Hot Hot Heat – Make Up the Breakdown

Hot Hot Heat
Make Up the Breakdown

Please forgive this upcoming odd little rambling, but I think it might help. Okay, picture Ben Folds. Got it? Hum a couple of older, peppier Ben Folds Five songs to yourself for a minute. If you aren’t familiar with the older material, just hum whatever you do know. Now, imagine Ben Folds with his big piano replaced by assorted keyboards, supported by a fuller and funkier band than he has been with in the past – one that includes guitar, and one in which he is no longer the central focus, but just another member of the band. Starting to get the picture? Maybe this makes no sense, but it popped into my brain one day while blasting Hot Hot Heat’s latest, Make Up the Breakdown, through my headphones to block out the chatter on the subway. Thanks for sharing? You’re most welcome.

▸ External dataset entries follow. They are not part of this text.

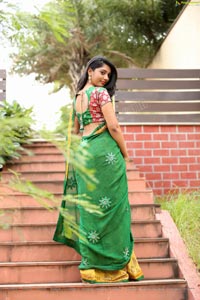 Lasya Saree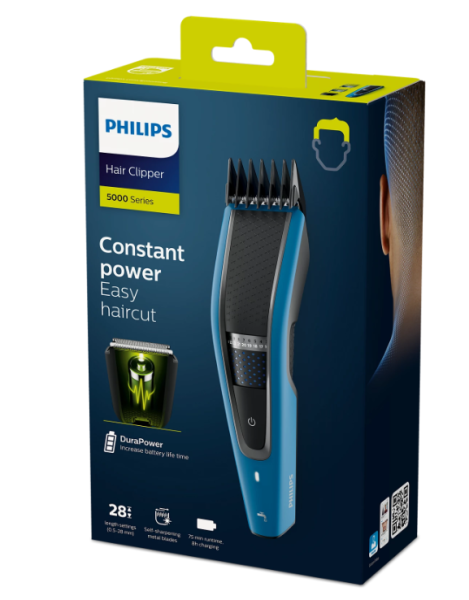 Машинка для стрижки PHILIPS HC5612/15 фото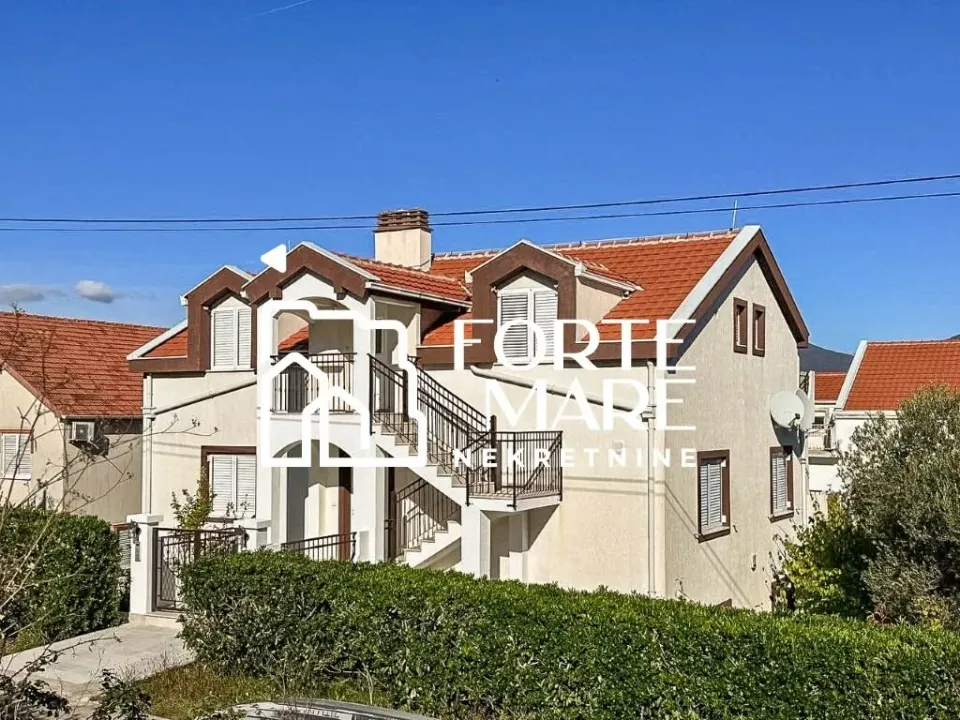 Sale, house, 295m², Radovići, Tivat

Started in Vancouver Island, Hot Hot Heat was created when a few fledgling musicians who had together played in about 30 other bands started jamming and noticed an odd chemistry. After a few releases that watched the band develop its sound from aggressive synth-punk to something with more focus on melody, the band recorded Make Up the Breakdown in just six days, using all the live material they had at the time. There is an enthusiasm in every song here that will remind you of your obnoxious little cousin that likes to run around and pester everyone at family gatherings. The difference is that your little cousin probably can’t write songs this undeniably catchy. Make Up the Breakdown is a rare combination of clever and honest lyrics, poppy yet intricate song structures, and just enough swagger to give it a bit of attitude.

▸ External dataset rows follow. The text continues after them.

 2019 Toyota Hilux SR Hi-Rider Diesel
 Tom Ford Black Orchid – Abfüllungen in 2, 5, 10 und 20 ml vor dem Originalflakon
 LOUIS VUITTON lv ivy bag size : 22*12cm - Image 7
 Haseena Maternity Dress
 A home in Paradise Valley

The keyboards are piercing, but in a good way. Just listen to them crank out the melody of songs like “Bandages” and you’ll understand. The basslines are where the heavy grooves come from, and the drum and additional percussion work is capable of joining one of those funky grooves, rocking out a bit, or jingling and jangling like the sun just came out after a week of rain. The guitar is used in interesting fashion, not always the lead instrument but frequently popping in to contribute an infectious riff or a quick little solo blast. Meanwhile, the vocals come in the form of a funny little yelp that practically begs you to sing along. Together, all of these elements somehow manage to blend a hyper spasticness with tight and practiced structures. “Talk to Me, Dance with Me” makes you want to grab your partner and shake your ass, while “Get in or Get Out” rocks and funks like no other. “Oh, Goddamnit” is an off-kilter and perfect pop gem for those confused about the rules of love, while “In Cairo” closes out the album as a cinematic epic of sorts. There really is not a single throwaway track here, and they are all worthy of being mentioned.
Critics are raving, and radio even appears to be catching on, so it seems as though Hot Hot Heat is generating a lot of, well, heat. (Sorry, but I couldn’t resist.) Unlike so many bands, however, this one seems to be the real deal, and there isn’t any undeserved buzz here.